# --- Imports and Helper Functions remain the same ---
import torch, torch.nn as nn, torchvision, torchvision.transforms as transforms
from torch.utils.data import DataLoader
import warnings, os, time
from torch.optim.optimizer import Optimizer
from collections import defaultdict


# Helper function for soft-thresholding
@torch.no_grad()
def soft_threshold(x, thresh):
    thresh = torch.tensor(max(0.0, thresh), dtype=x.dtype, device=x.device)
    return torch.sign(x) * torch.relu(torch.abs(x) - thresh)


# Helper function to calculate k-th largest absolute value safely
@torch.no_grad()
def calculate_kth_value(vec, k):
    if vec is None or vec.numel() == 0:
        return 0.0
    N = vec.numel()
    k = max(1, min(N, int(k)))  # Ensure 1 <= k <= N
    kth_smallest_index = max(1, N - k + 1)
    try:
        kth_largest_abs_val = torch.kthvalue(
            vec.abs().flatten(), kth_smallest_index
        ).values
    except RuntimeError as e:
        print(
            f"Warning: kthvalue failed (N={N}, k={k}, index={kth_smallest_index}).

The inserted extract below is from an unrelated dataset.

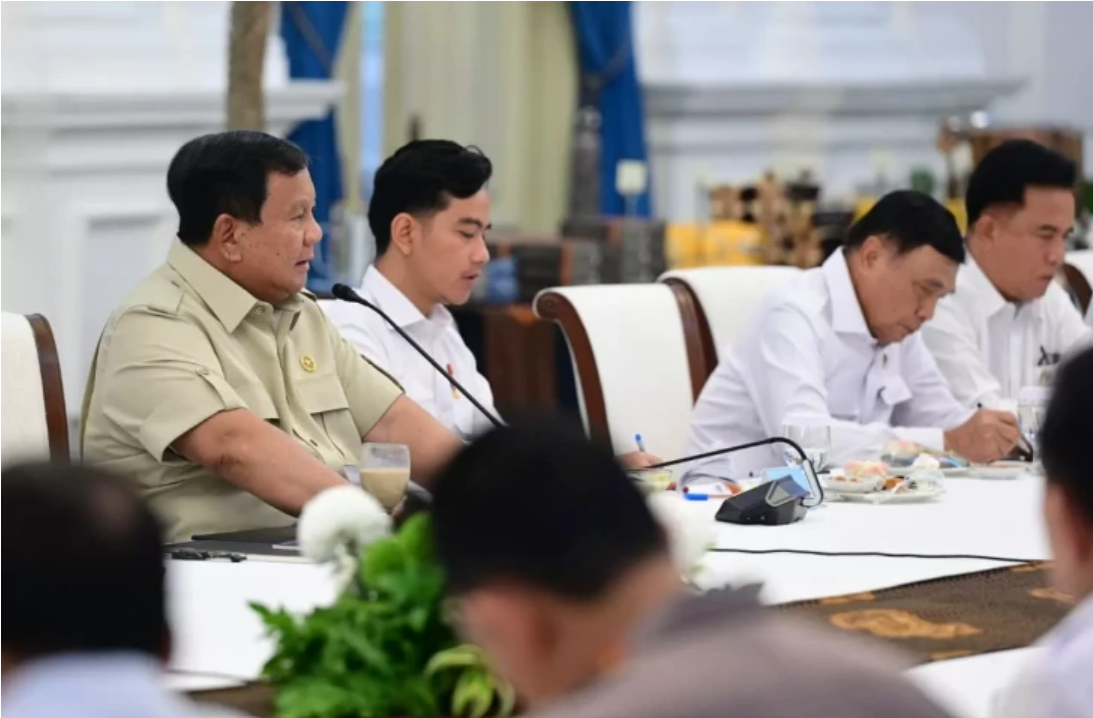 Prabowo Pimpin Rapat Terbatas Bahas Kopdes Merah Putih, Gibran Hadir di Istana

Error: {e}. Returning 0."
        )
        return 0.0
    return kth_largest_abs_val.item()


# --- CORRECTED Variant 1: PER-PARAMETER Lambda, Skip Bias AND First Layer ---
class AdamH1_ProxSparse_PerParam_SkipFirst(Optimizer):
    """
    Heuristic Adam Variant 1 for Two-Timescale Sparse Optimization.
    Uses Adam's m_hat as the gradient estimate.
    Maintains and updates lambda PER PARAMETER tensor.
    SKIPS soft-thresholding for bias parameters (dim==1) AND
    parameters belonging to the specified first_layer_params set.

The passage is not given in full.